INFORMATION PROVIDED:

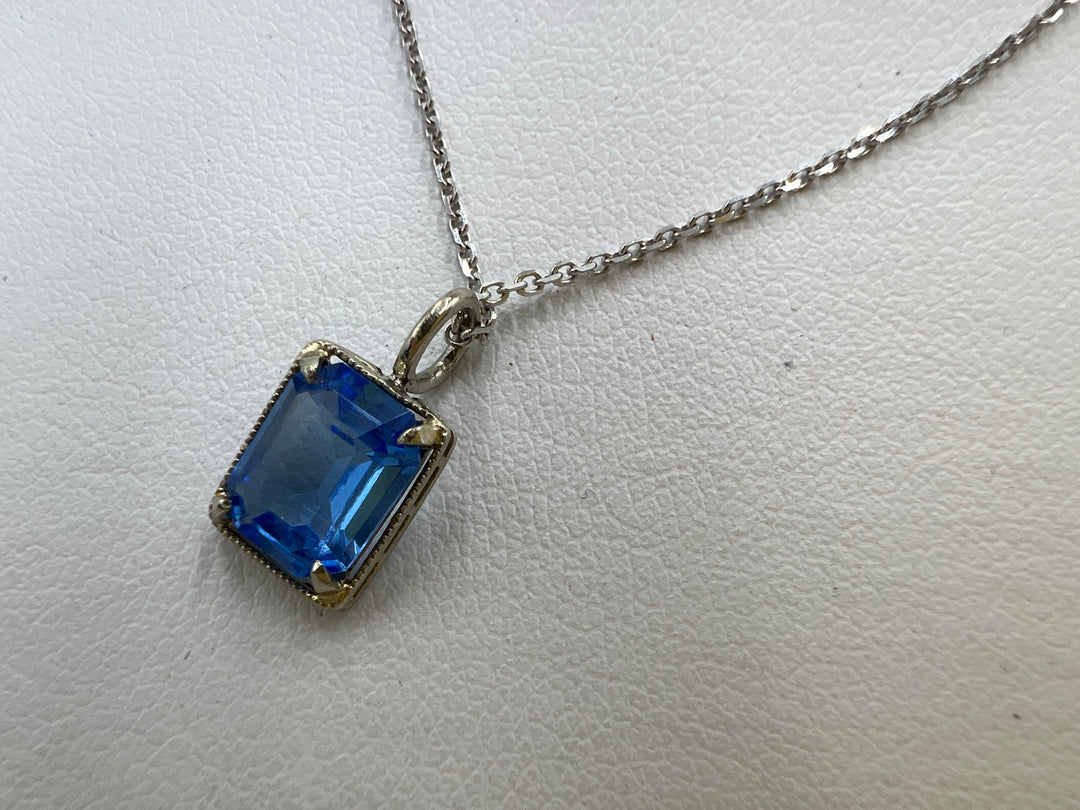 t839 Beautiful White Gold Link Chain Blue Stone Pendant Necklace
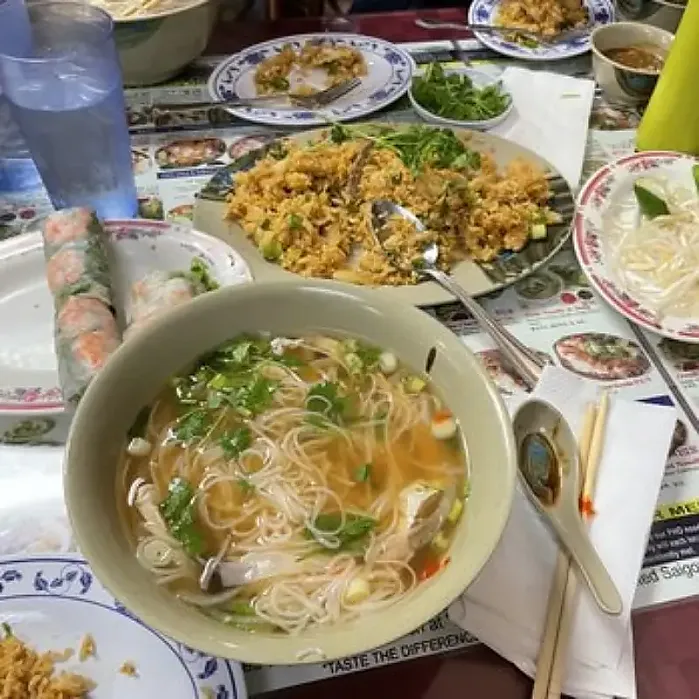 Phở 2000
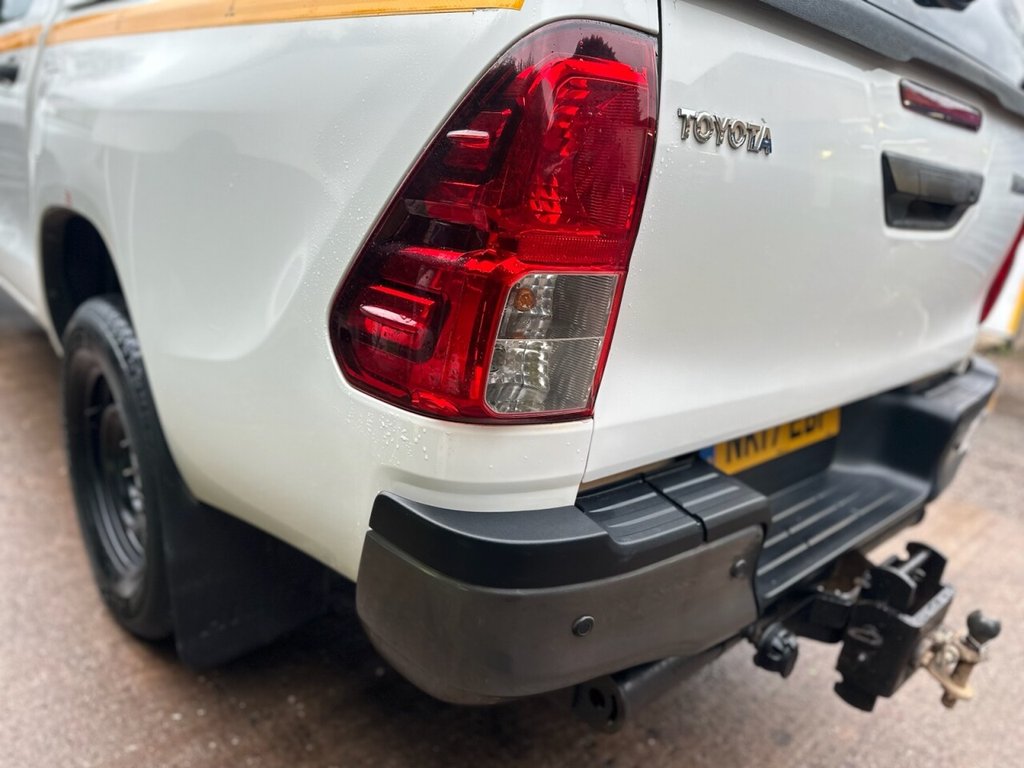 Used Toyota Hilux 2017 for sale - 76973648: Photo 9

TASK OBJECTIVE: The data needs to be reproduced exactly, please, apart from its pictures.

SOLUTION FOR THIS TASK:
 t839 Beautiful White Gold Link Chain Blue Stone Pendant Necklace
 Phở 2000
 Used Toyota Hilux 2017 for sale - 76973648: Photo 9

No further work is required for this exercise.